Né un sì né un no. Sta nella frase del Guardasigilli l’esito dell’atteso faccia a faccia sulla riforma costituzionale della giustizia con il presidente della Camera. Alfano spiega le linee guida, Fini sospende il giudizio fino quando il provvedimento non sarà nero su bianco ma intanto prova a mettere i suoi paletti. Tatticismi futuristi? Nella maggioranza sono in molti a non avere dubbi.

E’ un fatto che la giustizia rappresenti lo snodo centrale della legislatura e che Fli su questo punti a incassare il massimo del risultato al tavolo della trattativa. Se la tattica è quella del ‘condizionamento’, dall’incontro di ieri non ci si poteva aspettare granchè, anche perché la bozza di riforma che gira da alcuni giorni è sottoposta a limature e modifiche in corso d’opera prima di approdare in Consiglio dei ministri e subito dopo in Parlamento.

Dire sì adesso, secondo la logica futurista dei se e dei ma attorno ai quali costruire il consenso e magari spenderlo in chiave elettorale in caso di elezioni anticipate, avrebbe significato vincolarsi a una posizione da mantenere quando si tratterà di pronunciarsi con un voto. Per questo, è il ragionamento nei ranghi di Fli, Fini vuole mantenere un margine ragionevole di manovra per ottimizzare il risultato finale. Non chiude la porta, ma fin d’ora esplicita cosa non va fatto.  La premessa è: la cornice non basta se poi verrà stravolta da emendamenti o norme che possono risultare “controverse o addirittura inaccettabili”.

Della serie: disponibili a discutere della riforma che, anzi, si ritiene “necessaria” ma solo se si verificheranno una serie di condizioni. Quali?

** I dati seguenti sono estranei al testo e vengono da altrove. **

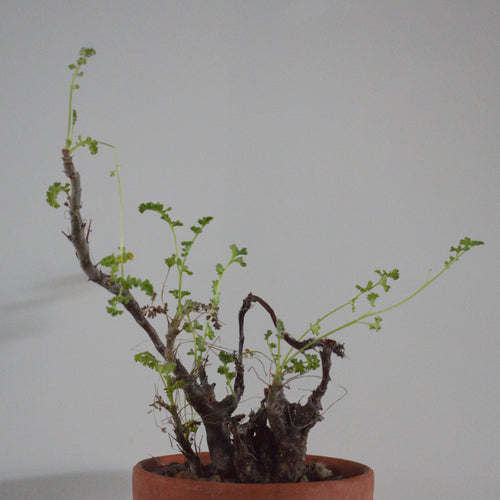Pelargonium Alternans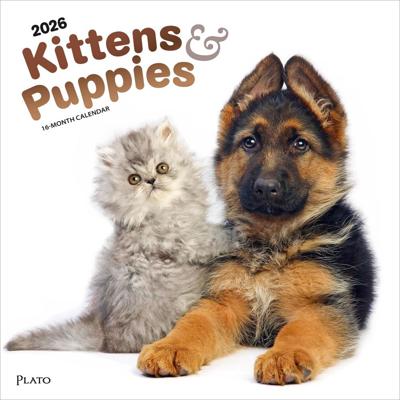 Kittens and Puppies Kalender 2026
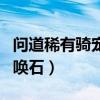 问道稀有骑宠召唤石怎么用（问道稀有骑宠召唤石）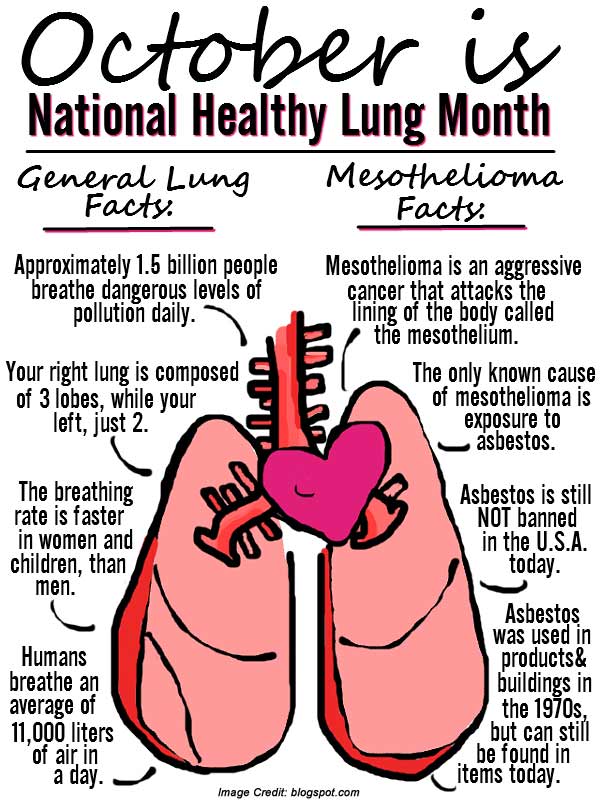 hosafhp's tweet photo. Hey HOSA, October is Healthy Lung Month. So drop that phone and let's get some exercise. @LungAssociation https://t.co/gGwjhiCsrp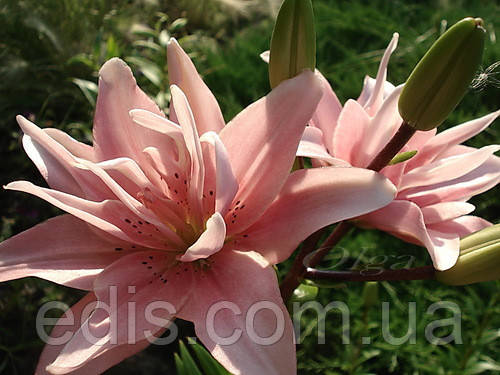 Лилия азиатская махровая Элоди (Lilium Asiatic Double Elodie ...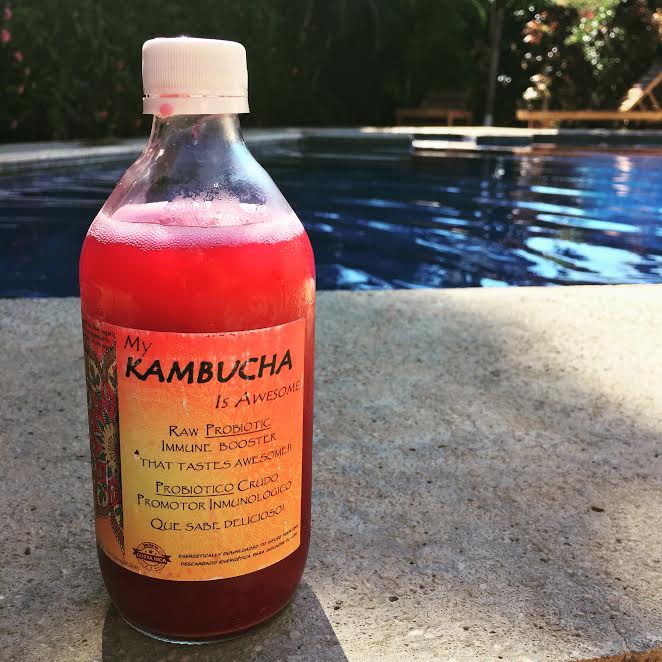 kambucha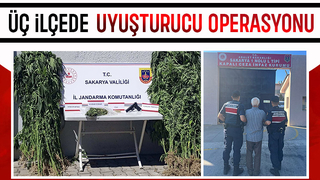 Zehir tacirlerine üç ilçede operasyon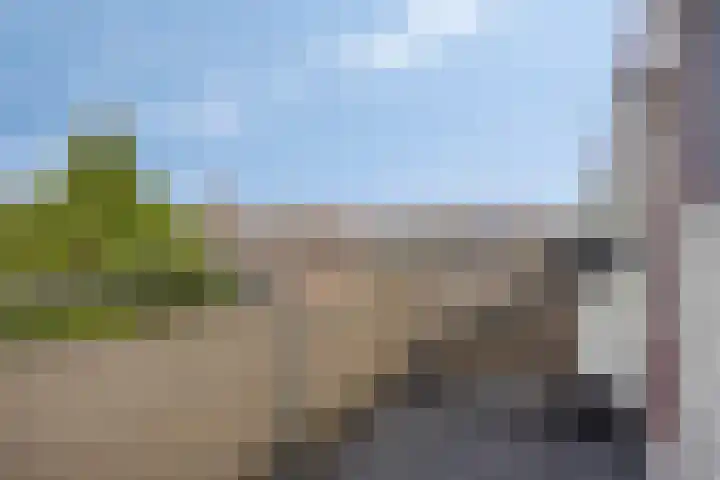 Duivenkamp 60 Maarssen thumbnail 29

Non deve essere messa in discussione l’indipendenza della magistratura, non a caso Fini dice ad Alfano che “l’ auspicata separazione delle carriere andrà disciplinata in modo tale da non comportare alcuna ingerenza del potere esecutivo su quello giudiziario”. Il passaggio successivo: serve “chiarezza” nella formulazione delle norme che “disciplineranno e delineeranno i poteri e le funzioni del Csm, della istituenda Alta Corte di Disciplina e dello stesso ministro Guardasigilli”.

E’ per questo, chiosa la terza carica dello Stato in una nota, “trattandosi di una riforma che inciderà fortemente sulla Costituzione e non di un mero manifesto politico di intenti è doveroso sospendere il giudizio in attesa di conoscere il testo che il Consiglio dei Ministri approverà e di verificare, con spirito costruttivo, le eventuali modifiche apportate dal Parlamento”. Messa giù così, appare evidente e chiaro che i finiani tenteranno di incidere sulla stesura del provvedimento riaprendo (se mai fosse stata chiusa) la fase della mediazione come già avvenuto, ad esempio, per il ddl sulle intercettazioni.

E la preoccupazione maggiore, nella maggioranza, è proprio questa: rallentare la road map sui cinque punti programmatici, a cominciare dalla giustizia che il Cav. considera la riforma delle riforme. Per questo non avrebbe accolto di buon grado il “ni” di Fini, stando a quanto trapela dal suo entourage, quando a tarda sera ha fatto il punto con Alfano e Ghedini.

Il presidente Schifani lancia un segnale distensivo quando dice che la riforma è aperta al contributo di tutti e il messaggio pare rivolto in primis ai finiani. L’apertura di Fli è sul Lodo Alfano costituzionale e in particolare sulla retroattività dei procedimenti per il premier e le alte cariche dello Stato, varata ieri al Senato in commissione Affari Costituzionali con l’emendamento presentato dal presidente Vizzini e votato anche dai finiani con Saia. Passaggio sul quale Pd e Idv annunciano le barricate mentre l’Udc è orientato all’astensione quando arriverà in Aula.

Fini si stupisce che gli altri si stupiscano per il voto favorevole dei suoi a Palazzo Madama che quindi, dovrebbe essere tale anche a Montecitorio, lasciando intendere che questa è la posizione di Fli da sempre perché non si tratta di norme che estinguono i reati, ma che congelano i processi per le alte cariche il cui ruolo istituzionale va tutelato nel momento in cui esercitano la loro funzione. Eppure, osservano alcuni parlamentari pidielle, nella linea finiana c’è un’incongruenza perché se il discorso vale per il Lodo Alfano non si capisce per quale motivo la pattuglia di Fli si sia messa di traverso minacciando di votare contro la stessa norma che era prevista per il processo breve.

Anche qui, la lettura prevalente rimanda alla tattica finiana. Della serie: molliamo la presa sulla retroattività puntando magari ad altri tasselli della riforma da capitalizzare politicamente. Del resto Fini sa che non può rischiare di accollarsi la responsabilità (tutta politica) di una rottura definitiva col Cav che porterebbe dritti alle urne. Non in questo momento e soprattutto non dopo aver votato ‘sì’ sui cinque punti programmatici dell’agenda di governo, tra i quali la riforma complessiva della giustizia.

E se il numero uno di via Arenula esce da Montecitorio riconoscendo lo spirito costruttivo di Fini anche se sarebbe stato “ingenuo da parte mia aspettarmi un sì o un no” si comprende come, ancora una volta, la strada delle riforme sia tutt’altro che in discesa. Lavori in corso, con tanto di cartelli segnalatori: “Attenzione, pericolo di caduta massi. Futuristi”.